61 tc The translation follows the Greek, Syriac, and Latin versions. The Hebrew text reads: “I will set fire to.” While it would be possible to explain the first person subject here in the same way as in the two verbs in v. 12b, the corruption of the Hebrew text is easy to explain here as a metathesis of two letters, י (yod) and ת (tav). The Hebrew reads הִצַּתִּי (hitsatti) and the versions presuppose הִצִּית (hitsit).

62 tn Heb “burn them or carry them off as captives.” Some of the commentaries and English versions make a distinction between the objects of the verbs, i.e., burn the temples and carry off the gods. However, the burning down of the temples is referred to later in v. 13.

63 tn Or “he will take over Egypt as easily as a shepherd wraps his cloak around him.” The translation follows the interpretation of HALOT 769 s.v. II ָעטָה Qal, the Greek translation, and a number of the modern commentaries (e.g., J. A. Thompson, Jeremiah [NICOT], 671). The only other passage where that translation is suggested for this verb is Isa 22:17 according to HAL. The alternate translation follows the more normal meaning of עָטָה (’atah; cf. BDB 741 s.v. I עָטָה Qal which explains “so completely will it be in his power”). The fact that the subject is “a shepherd” lends more credence to the former view though there may be a deliberate double meaning playing on the homonyms (cf. W. L. Holladay, Jeremiah [Hermeneia], 2:302).

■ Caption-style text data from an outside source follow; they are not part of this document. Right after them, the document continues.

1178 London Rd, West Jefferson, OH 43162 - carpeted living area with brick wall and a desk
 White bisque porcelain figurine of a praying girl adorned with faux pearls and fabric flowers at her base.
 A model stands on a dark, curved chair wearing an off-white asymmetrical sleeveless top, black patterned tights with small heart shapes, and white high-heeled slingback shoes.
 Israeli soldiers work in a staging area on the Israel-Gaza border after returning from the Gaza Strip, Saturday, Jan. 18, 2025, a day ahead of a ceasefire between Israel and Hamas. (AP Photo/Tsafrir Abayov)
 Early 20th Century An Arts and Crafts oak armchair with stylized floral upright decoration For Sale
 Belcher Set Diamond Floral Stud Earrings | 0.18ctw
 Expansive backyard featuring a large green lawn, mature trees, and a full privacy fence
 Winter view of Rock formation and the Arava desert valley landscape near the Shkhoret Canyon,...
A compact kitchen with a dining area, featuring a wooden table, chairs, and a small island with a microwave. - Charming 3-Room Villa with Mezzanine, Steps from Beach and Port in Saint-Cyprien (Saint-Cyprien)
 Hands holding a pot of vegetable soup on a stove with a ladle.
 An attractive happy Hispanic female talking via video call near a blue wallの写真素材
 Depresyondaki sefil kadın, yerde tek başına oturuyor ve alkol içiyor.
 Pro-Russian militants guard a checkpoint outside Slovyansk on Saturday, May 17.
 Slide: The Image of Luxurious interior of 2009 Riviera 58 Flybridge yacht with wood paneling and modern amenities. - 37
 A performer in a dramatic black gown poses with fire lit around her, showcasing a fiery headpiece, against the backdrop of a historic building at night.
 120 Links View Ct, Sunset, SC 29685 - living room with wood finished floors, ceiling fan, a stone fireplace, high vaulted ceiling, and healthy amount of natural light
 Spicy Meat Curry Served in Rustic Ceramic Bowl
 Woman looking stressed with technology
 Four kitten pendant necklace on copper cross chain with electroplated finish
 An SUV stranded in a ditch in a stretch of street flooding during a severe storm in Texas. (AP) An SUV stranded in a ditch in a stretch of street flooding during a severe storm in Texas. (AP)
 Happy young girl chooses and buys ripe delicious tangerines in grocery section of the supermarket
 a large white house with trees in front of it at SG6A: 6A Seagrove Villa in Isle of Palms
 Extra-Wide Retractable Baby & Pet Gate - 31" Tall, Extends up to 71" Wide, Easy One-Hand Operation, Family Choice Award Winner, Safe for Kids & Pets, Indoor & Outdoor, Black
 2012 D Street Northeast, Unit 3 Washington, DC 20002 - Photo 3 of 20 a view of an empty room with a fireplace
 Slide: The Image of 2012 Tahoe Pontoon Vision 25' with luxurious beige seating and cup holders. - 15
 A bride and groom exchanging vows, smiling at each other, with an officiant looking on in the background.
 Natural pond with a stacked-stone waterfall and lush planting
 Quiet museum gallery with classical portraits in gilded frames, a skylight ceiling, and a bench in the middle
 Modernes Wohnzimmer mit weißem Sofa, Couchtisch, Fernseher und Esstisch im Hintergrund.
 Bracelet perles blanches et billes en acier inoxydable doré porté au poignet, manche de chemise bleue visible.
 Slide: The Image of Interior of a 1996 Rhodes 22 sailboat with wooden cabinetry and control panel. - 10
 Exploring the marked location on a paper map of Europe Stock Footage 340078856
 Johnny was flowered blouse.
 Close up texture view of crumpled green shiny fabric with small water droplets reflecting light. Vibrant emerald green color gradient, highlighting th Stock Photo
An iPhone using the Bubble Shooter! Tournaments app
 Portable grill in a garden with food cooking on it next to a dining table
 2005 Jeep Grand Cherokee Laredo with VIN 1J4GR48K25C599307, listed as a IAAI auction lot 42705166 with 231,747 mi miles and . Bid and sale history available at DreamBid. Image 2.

64 tn Heb “in peace/wholeness/well-being/safety [shalom].”

65 sn It is generally agreed that the temple of the sun was located in Heliopolis, which is elsewhere referred to as On (cf. Gen 41:45). It was the center for the worship of Amon-Re, the Egyptian sun god, and was famous for its obelisks (conical shaped pillars) dedicated to that god. It was located about 6 miles (10 km) northeast of modern-day Cairo.